§ **Work request**
Make an exact copy of the entries below with the pictures removed.

Dataset excerpts:
▼

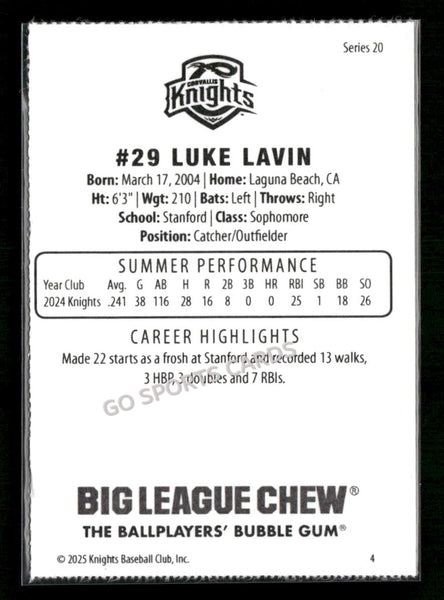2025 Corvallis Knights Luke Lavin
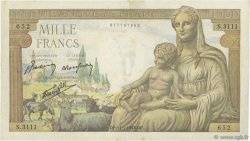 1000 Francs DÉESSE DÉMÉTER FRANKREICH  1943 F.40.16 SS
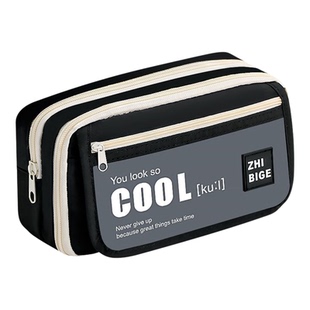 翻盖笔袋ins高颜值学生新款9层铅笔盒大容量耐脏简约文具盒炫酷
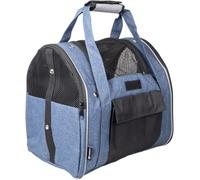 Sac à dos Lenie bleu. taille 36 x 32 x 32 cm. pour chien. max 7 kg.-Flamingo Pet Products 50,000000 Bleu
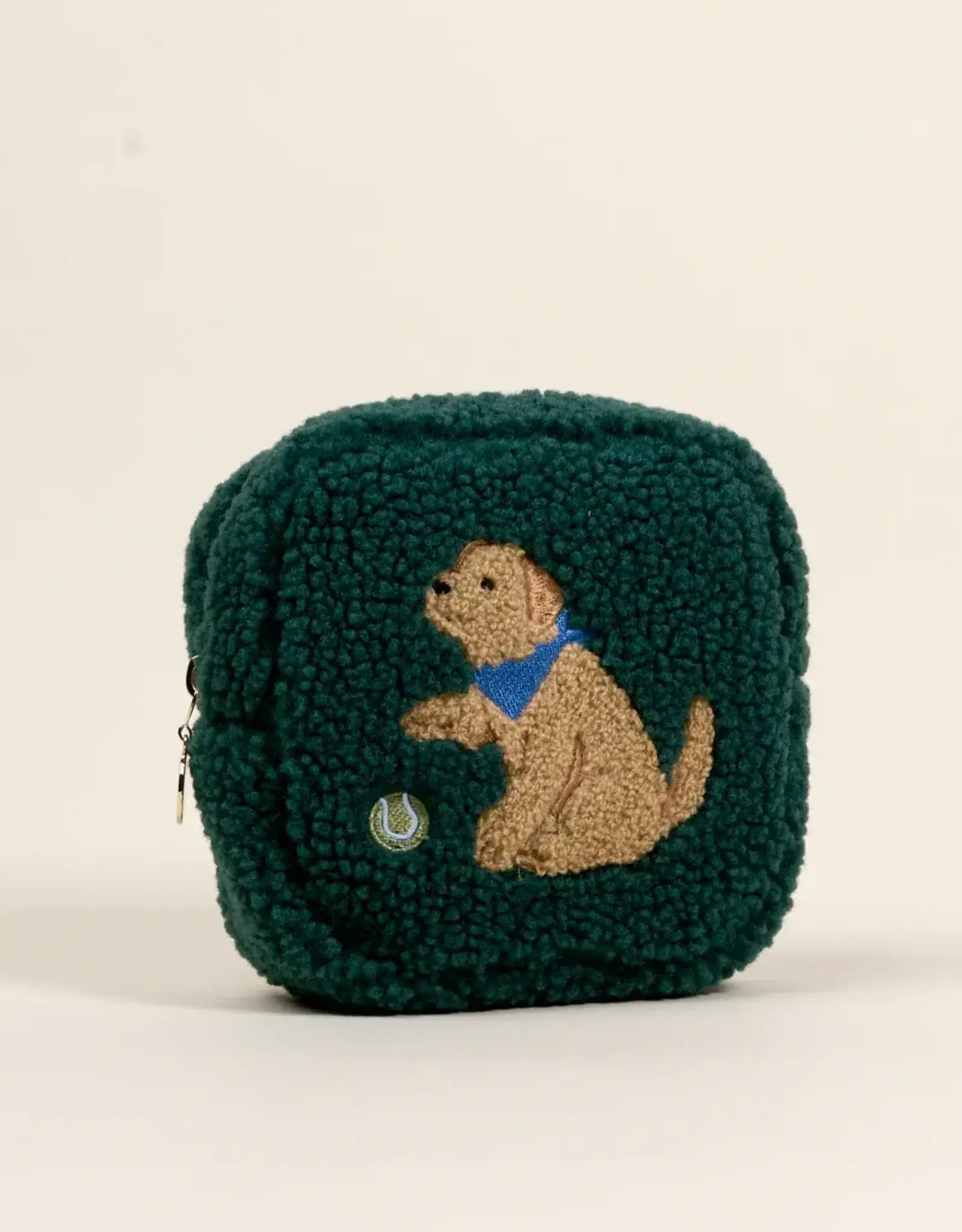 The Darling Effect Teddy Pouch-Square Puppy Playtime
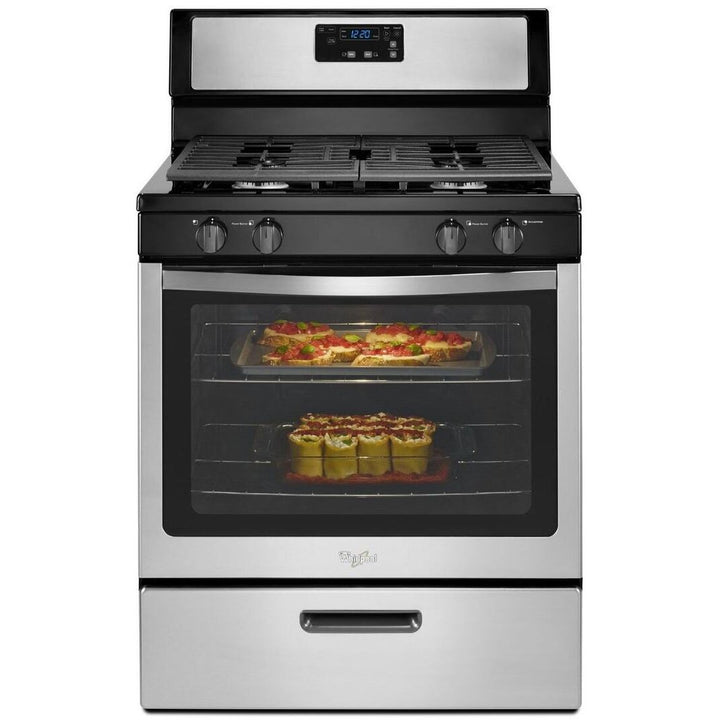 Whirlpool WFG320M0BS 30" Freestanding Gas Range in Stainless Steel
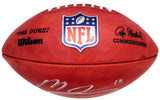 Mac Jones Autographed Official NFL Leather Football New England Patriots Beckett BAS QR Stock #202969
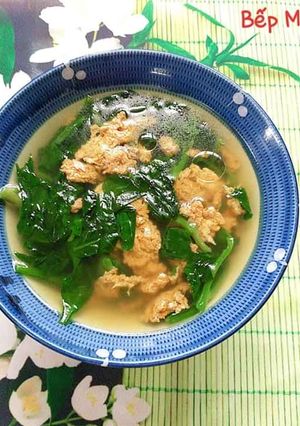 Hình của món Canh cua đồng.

▲

§ **Completed task**
2025 Corvallis Knights Luke Lavin
 1000 Francs DÉESSE DÉMÉTER FRANKREICH  1943 F.40.16 SS
 翻盖笔袋ins高颜值学生新款9层铅笔盒大容量耐脏简约文具盒炫酷
 Sac à dos Lenie bleu. taille 36 x 32 x 32 cm. pour chien. max 7 kg.-Flamingo Pet Products 50,000000 Bleu
 The Darling Effect Teddy Pouch-Square Puppy Playtime
 Whirlpool WFG320M0BS 30" Freestanding Gas Range in Stainless Steel
 Mac Jones Autographed Official NFL Leather Football New England Patriots Beckett BAS QR Stock #202969
 Hình của món Canh cua đồng.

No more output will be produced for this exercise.